• Extracted entries:
/---
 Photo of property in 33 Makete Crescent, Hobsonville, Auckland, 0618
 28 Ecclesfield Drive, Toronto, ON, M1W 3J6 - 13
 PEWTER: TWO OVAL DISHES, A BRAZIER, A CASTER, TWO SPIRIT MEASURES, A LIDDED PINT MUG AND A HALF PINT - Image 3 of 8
\---
/---
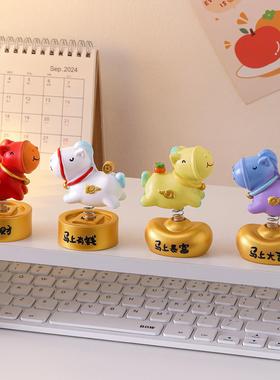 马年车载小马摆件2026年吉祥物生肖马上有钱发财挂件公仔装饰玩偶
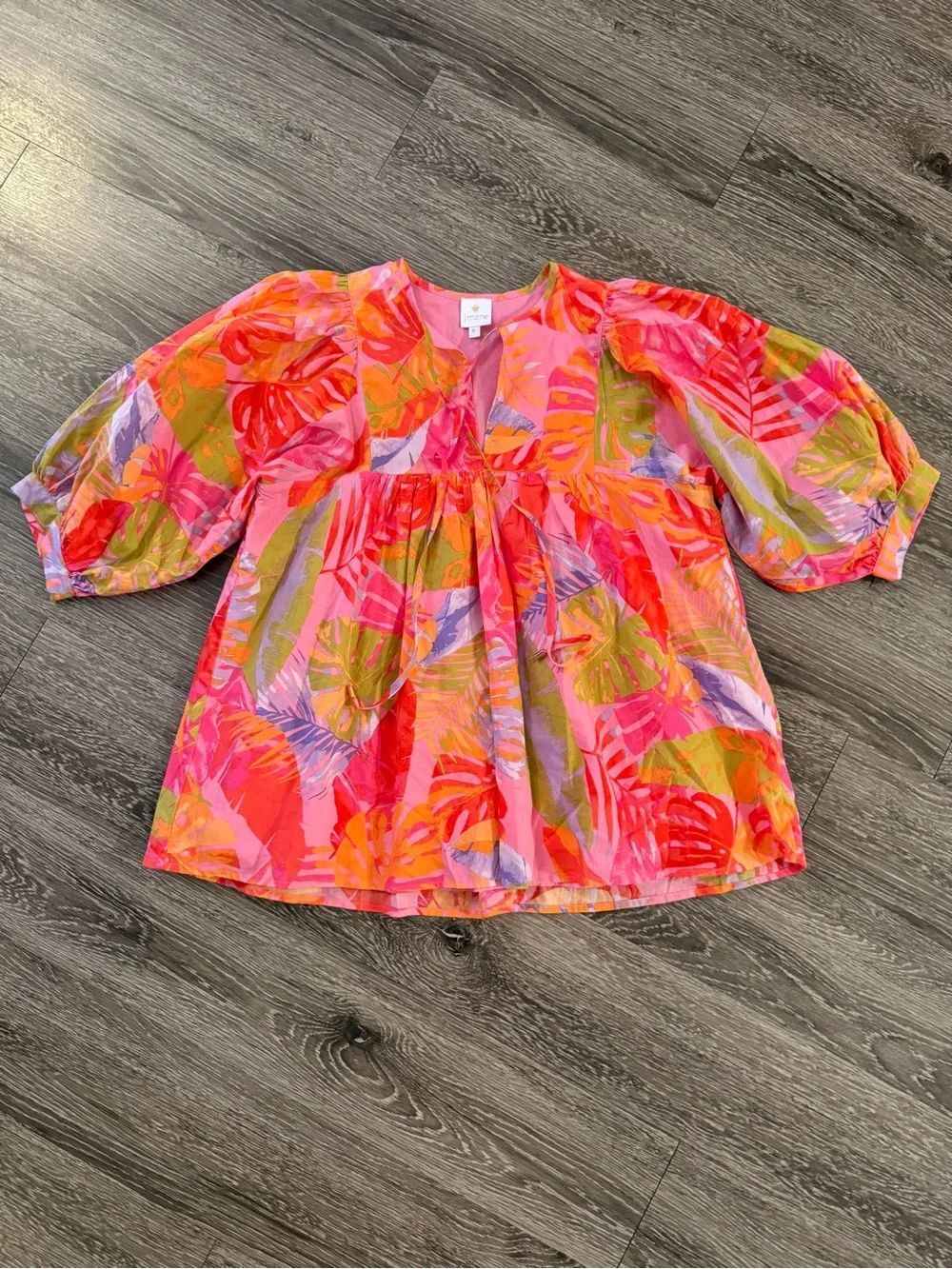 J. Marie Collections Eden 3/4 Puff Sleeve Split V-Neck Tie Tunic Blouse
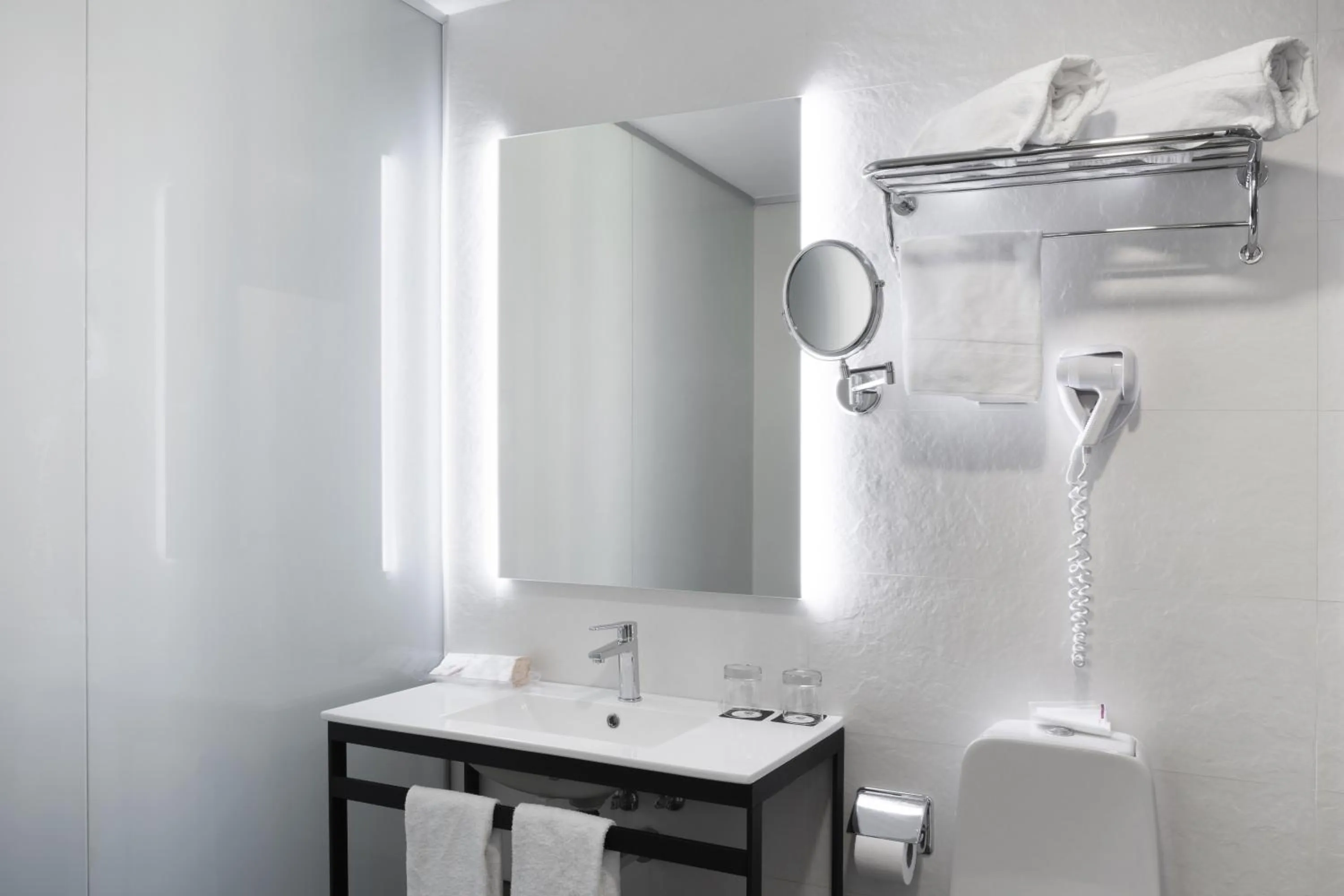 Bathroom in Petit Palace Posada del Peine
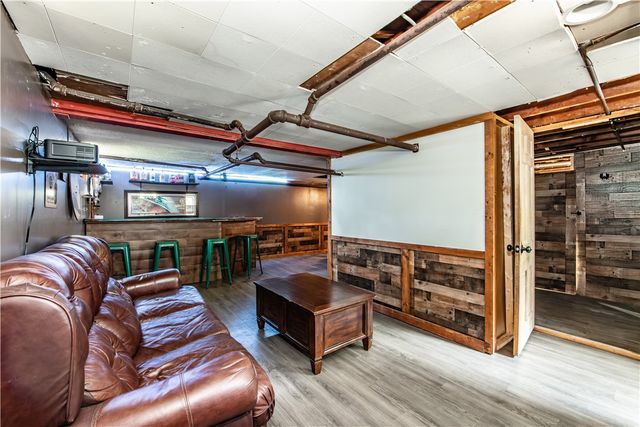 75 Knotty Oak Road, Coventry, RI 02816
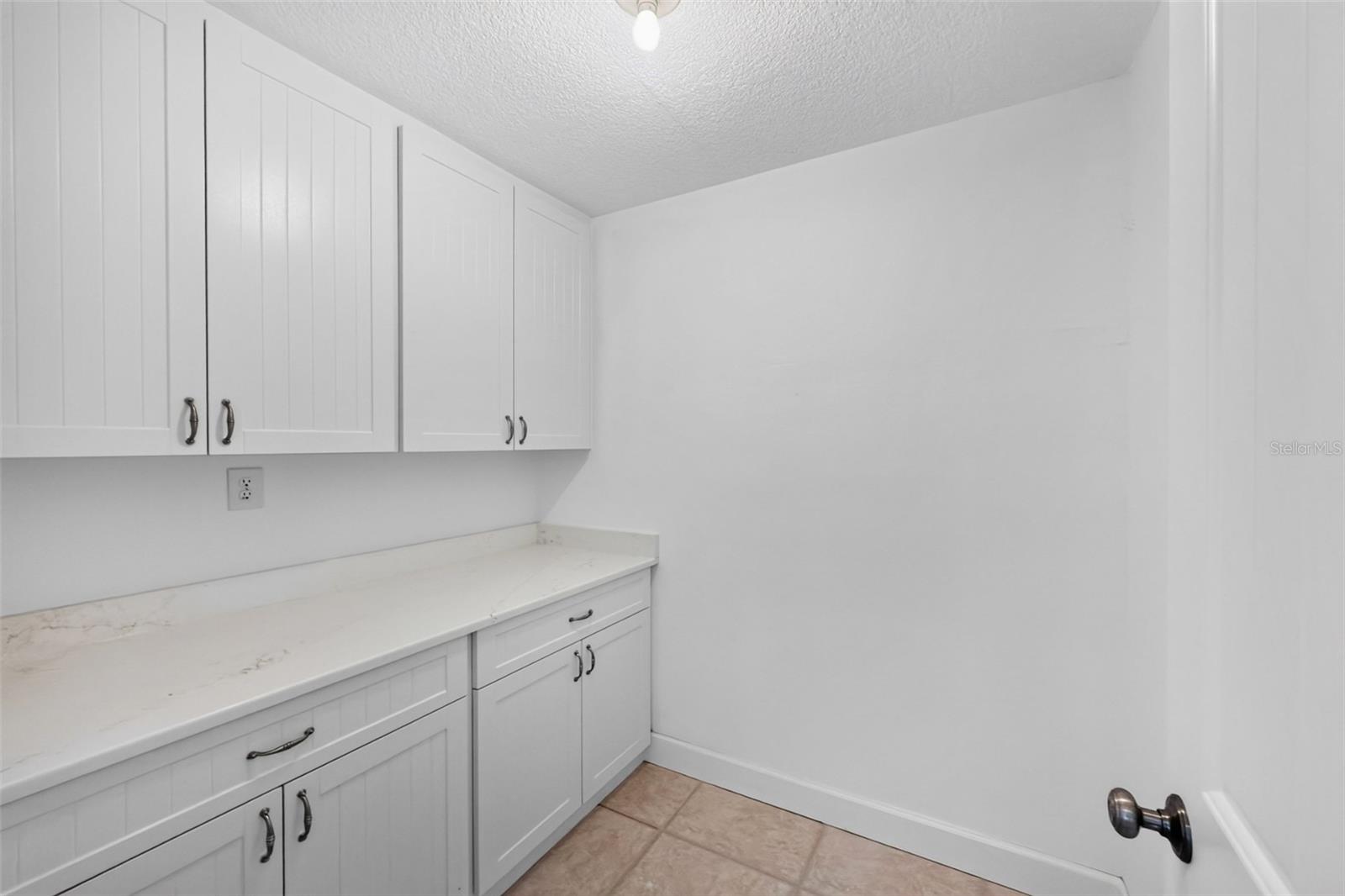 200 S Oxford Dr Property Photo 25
\---
• Work item: Starting at the line above that holds "马年车载小马摆件2026年吉祥物生肖马上有钱发财挂件公仔装饰玩偶", return each line up to and including the one that holds "200 S Oxford Dr Property Photo 25", exactly as written, minus any pictures.

• Solution to the problem:
 马年车载小马摆件2026年吉祥物生肖马上有钱发财挂件公仔装饰玩偶
 J. Marie Collections Eden 3/4 Puff Sleeve Split V-Neck Tie Tunic Blouse
 Bathroom in Petit Palace Posada del Peine
 75 Knotty Oak Road, Coventry, RI 02816
 200 S Oxford Dr Property Photo 25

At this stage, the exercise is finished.